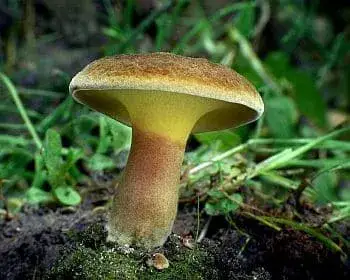 Alder Bolete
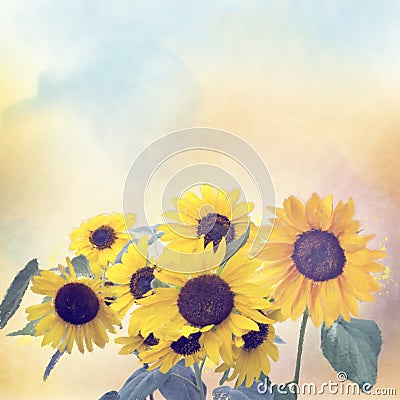 Watercolor digital painting of sunflowers Cartoon Illustration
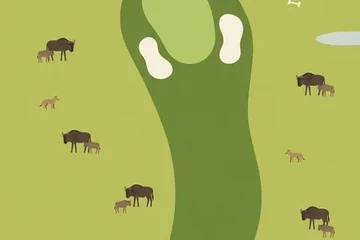Serengeti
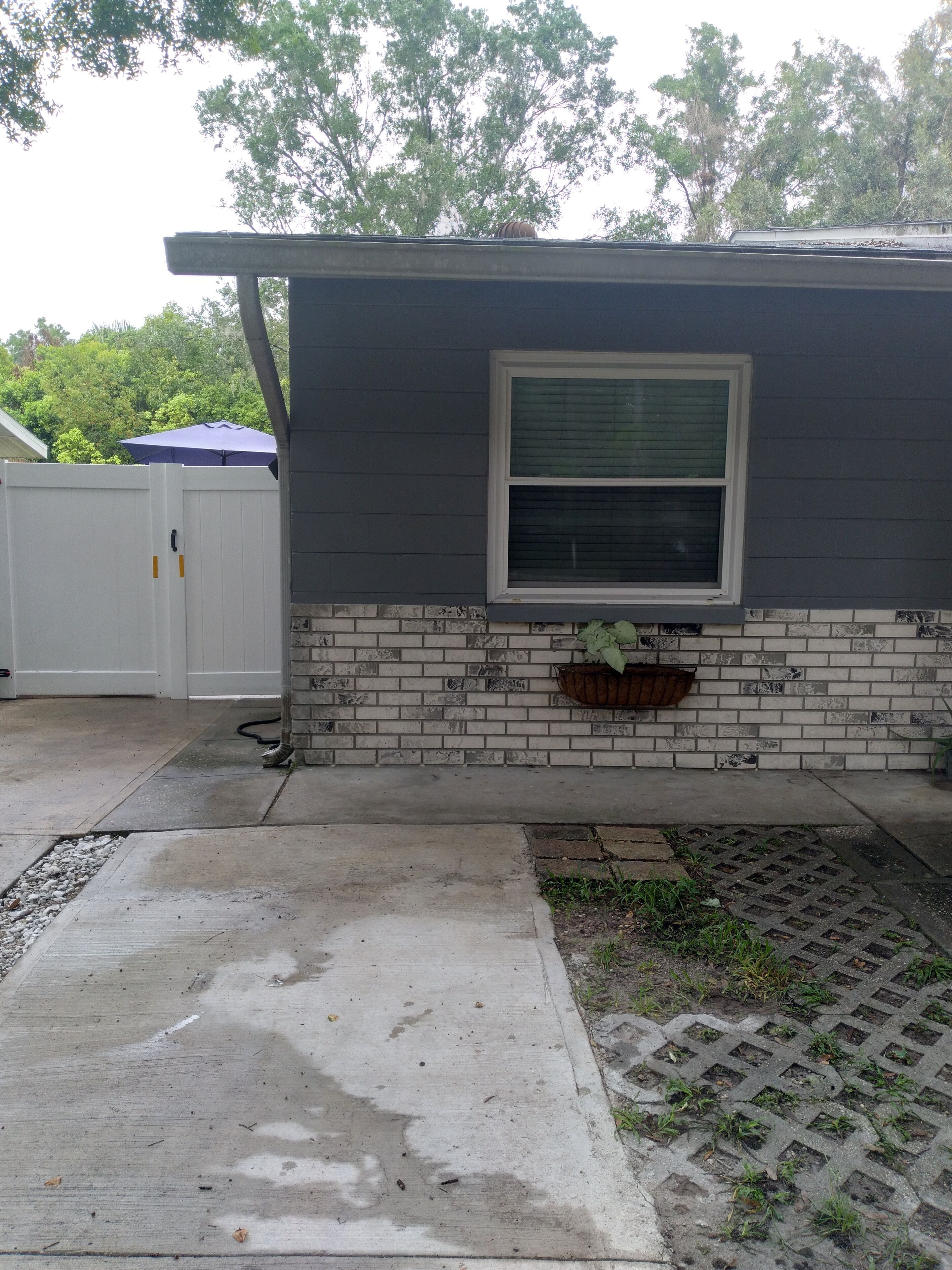 Cozy studio with WiFi and AC and  in lovely Lutz! its family and pet friendly.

EXERCISE ▸ As you output the material, omit the pictures but alter nothing else.

SOLVED EXERCISE ▸
 Alder Bolete
 Watercolor digital painting of sunflowers Cartoon Illustration
Serengeti
 Cozy studio with WiFi and AC and  in lovely Lutz! its family and pet friendly.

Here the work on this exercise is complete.